A Yemeni asylum seeker who made the arduous journey to Europe after fleeing his war-torn country has been found dead in a Manchester hotel room.
Abdullah Ahmed Abdullah Al-Habib, 41, was pronounced dead at the scene after being discovered unresponsive on 6 August after arriving in the UK in June. However, the cause of death has not yet been confirmed with an investigation underway.
Al-Habib travelled across through the continent before crossing the English Channel in a flimsy boat along with 15 other people, including fellow Yemenis but also from Syria and Iran, reports the Guardian.
After being spotted by the Border Force, the Home Office detained a number of them at Yarl’s Wood immigration removal centre in Bedfordshire before moving them onto a hotel in Manchester.
One of the passengers who was with Al-Habib in the dinghy is quoted as saying: “We did not recognise the language of the smugglers. They charged us €2,000 or €3,000 [$2,366 or $3,549]. The journey was terrifying.
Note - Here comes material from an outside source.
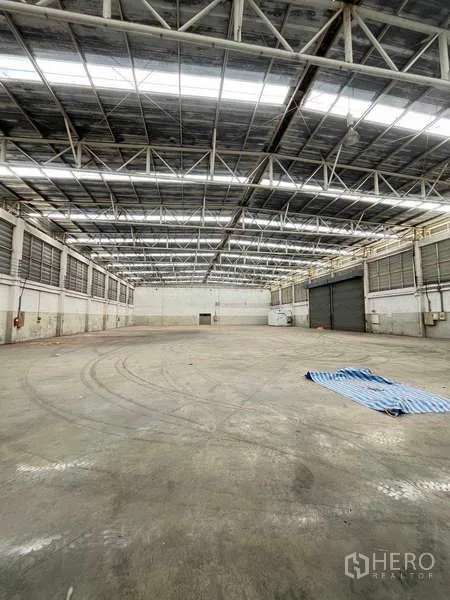 Warehouse for rent in Lat Krabang, Bangkok - High-ceiling warehouse interior with steel trusses and large roller shutter doors.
Every minute of it we felt we were hovering between life and death and could drown at any time”
“All of us on these journeys, we have lost our country, lost our family, lost our future. When we got into the boat in Calais we felt the sea was the only place left for us to go.”
Arab News reports that although the nature of Al-Habib’s death is unclear, mental health problems and suicides are common among asylum seekers in the UK. On average two people a day tried to commit suicide in British deportation centres in 2018. According to the Refugee Council, 61 per cent of asylum seekers experience serious mental distress.
A Home Office spokesperson said: “An individual tragically died in the … hotel earlier this month and all our thoughts are with their loved ones at this time.”
Al-Habib leaves behind a wife and four young children, all of whom are still in Yemen.
The war in Yemen began five years ago when the US-backed, Saudi-led coalition launched a bombing campaign in an attempt to topple the Houthi-led government based in the capital Sanaa in order to restore the UN-recognised government in exile. The conflict has over a 100,000 people and left 80 per cent of the population in need of humanitarian assistance.